From 2015 to 2022, "Microservices" was the resume-padding buzzword of choice. Startups with 5 users were deploying 20 services via Kubernetes. It was complexity for complexity's sake. In 2026, the pendulum has swung back.
The "Distributed Monolith" Trap
Most companies didn't build microservices; they built a distributed monolith. They took function calls (which take nanoseconds) and turned them into HTTP requests (which take milliseconds) over a flaky network.
The "Whoops" Moment
"We spent more time debugging distributed tracing and managing Terraform state files than we did building product features." — Every CTO in 2024.

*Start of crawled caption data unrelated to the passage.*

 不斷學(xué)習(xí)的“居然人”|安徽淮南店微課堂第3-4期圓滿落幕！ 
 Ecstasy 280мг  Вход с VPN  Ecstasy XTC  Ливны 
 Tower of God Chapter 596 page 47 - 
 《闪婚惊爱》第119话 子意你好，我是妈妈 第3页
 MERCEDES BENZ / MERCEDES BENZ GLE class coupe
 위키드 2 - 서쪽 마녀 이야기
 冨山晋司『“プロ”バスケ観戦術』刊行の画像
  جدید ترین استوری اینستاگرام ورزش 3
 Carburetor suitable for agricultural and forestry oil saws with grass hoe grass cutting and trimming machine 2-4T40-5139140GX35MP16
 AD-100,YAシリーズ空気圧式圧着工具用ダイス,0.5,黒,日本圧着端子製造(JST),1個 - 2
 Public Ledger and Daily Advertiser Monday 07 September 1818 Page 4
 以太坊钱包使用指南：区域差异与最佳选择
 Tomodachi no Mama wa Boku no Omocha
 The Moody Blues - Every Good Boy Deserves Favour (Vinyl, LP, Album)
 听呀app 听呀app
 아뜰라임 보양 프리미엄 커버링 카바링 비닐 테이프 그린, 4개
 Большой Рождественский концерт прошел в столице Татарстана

Enter the Modular Monolith
At elitics.io, we default to the Modular Monolith.
Single Deployment Unit
One CI/CD pipeline. One database (logically separated). Atomic commits.
Strict Boundaries
Code is organized into modules (Billing, Users, Inventory) that interact via public interfaces, not backdoor SQL joins. It enforces discipline without the network lag.
When to actually split?
We only extract a service when it has a vastly different scaling profile.
// Good reason to split:
"The Video Transcoding module eats 100% CPU and crashes the API server." -> Move to Worker Service.
// Bad reason to split:
"We want the User Profile team to have their own repo." -> Use a Monorepo.
Simplicity scales better than complexity. Don't build Google's infrastructure unless you have Google's problems (and budget).